Champion: Hadley Wickham
Co-champion: ???
Status: draft

## Abstract

## Motivation

Originally, we divided tidyverse and r-lib because we thought it was important to keep data science and package development tools separate.
Then when tidymodels kicked off, it seemed natural for it to have its own home (and then other teams at RStudio copied this principle).
But there are some downsides to having many open source organisations for RStudio:

- While the distinction between tidyverse, r-lib, and tidymodels is reasonably strong in our heads, it's hard for users to articulate these differences, and to learn/remember exactly which organisation a package belongs to.
This is particularly hard when you look holistically at all packages made by RStudio.

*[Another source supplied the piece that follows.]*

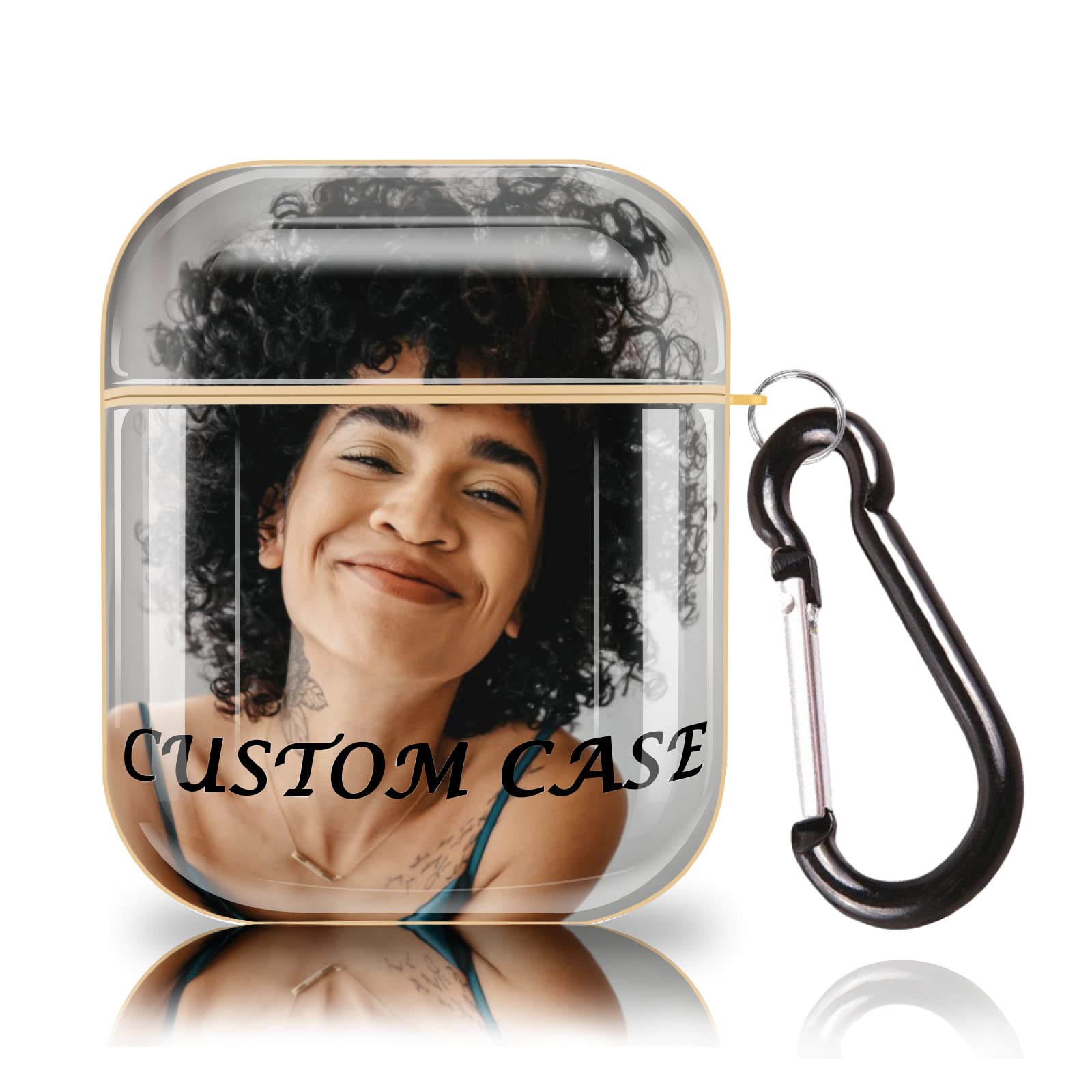 Custom AirPods 1&2 Case with Photo/Text - Durable PC Cover with Chain - Perfect Personalized Gift for Music Lovers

- There are a few packages that I am confused about:

- Is rvest programming or data science? what about httr?
- usethis is technically programming, it's very user facing, and we expect data scientists might use it for analysis projects.
- glue is useful for data science but designed to be zero dep specifically for use by package developers.
- Both tibble and magrittr are technically user-facing, but most people use them via other packages. tibble is now really mostly about defining a data structure.
- modelr is a package that initially made sense in tidyverse, but is now mostly deprecated.
- googledrive is not really about data analysis or package development.
- vroom is in r-lib, readr is in tidyverse.

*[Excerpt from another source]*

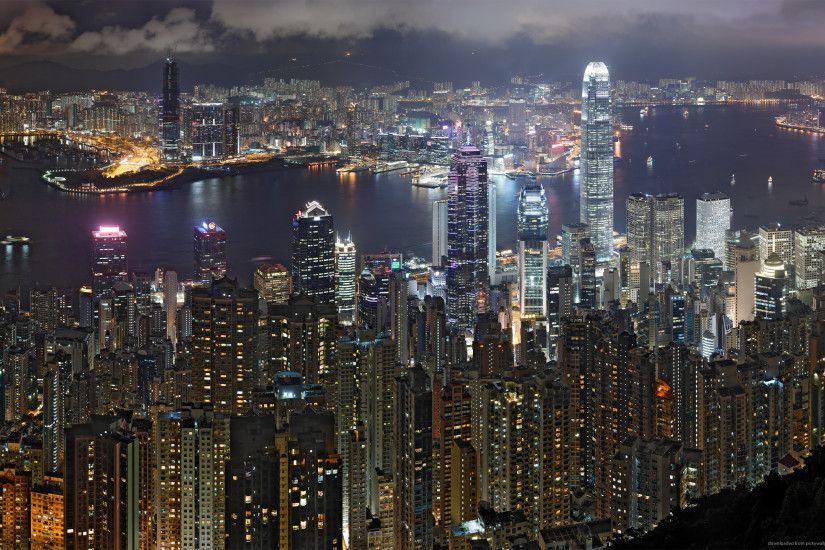 Hong Kong Night Skyline for 2560x1600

- As we start to use GitHub teams more, managing separate teams across separate orgs will become more painful.
It also makes it hard to centralise discussions, and to succinctly explain the scope of packages that tidyups apply to.

- It's painful to move issues across orgs.
This affects packages like dplyr where the underlying issue might need to be fixed in vctrs.

## Solutions

I think there are four possibilities:

- Move r-lib and tidymodels repos to **tidyverse org**.
- Move tidyverse and tidymodels repos to **r-lib org**.
- Move r-lib, tidyverse, and tidymodel repos to a **new org**.
- Move r-lib, tidyverse, and tidymodel to the **rstudio org**.

Currently, I think the least worst (but still worthwhile) option is to move everything to tidyverse.

These will affect both GitHub organisations websites, so all package websites would become subdomains of `{orgname}.org`.
This means that (e.g.) vroom would move from `vroom.r-lib.org` to `vroom.{orgname}.org`.
Package websites would keep their existing branding, so that tidyverse and tidymodels sites would continue to look visually distinct (but related).

### Move to tidyverse org

Pros:

- Moves smallest number of packages.
- Tidyverse has strongest brand identity.

Cons:

- Worsens the existing semantic overloading of tidyverse: it's a package, it's a set of packages loaded by `library(tidyverse)`, it's a set of packages installed by `install.packages("tidyverse")`, **and** it's a GitHub organisation.

Could work to counter this with consistent tags, website themes, and more details in README.
It would be useful to include a block at the top of the readme aimed at the non-expert Github users that was not shown on the package website.

- Binds all packages more closely to tidyverse.
This might be less appealing for external developers (e.g. Jeroen Ooms, Michel Lang) and for other RStudio teams we might hope would also migrate to one org.

Particularly problematic for gert, which is an ROpenSci project, so if we move to tidyverse, it would probably need to move to a different organisation.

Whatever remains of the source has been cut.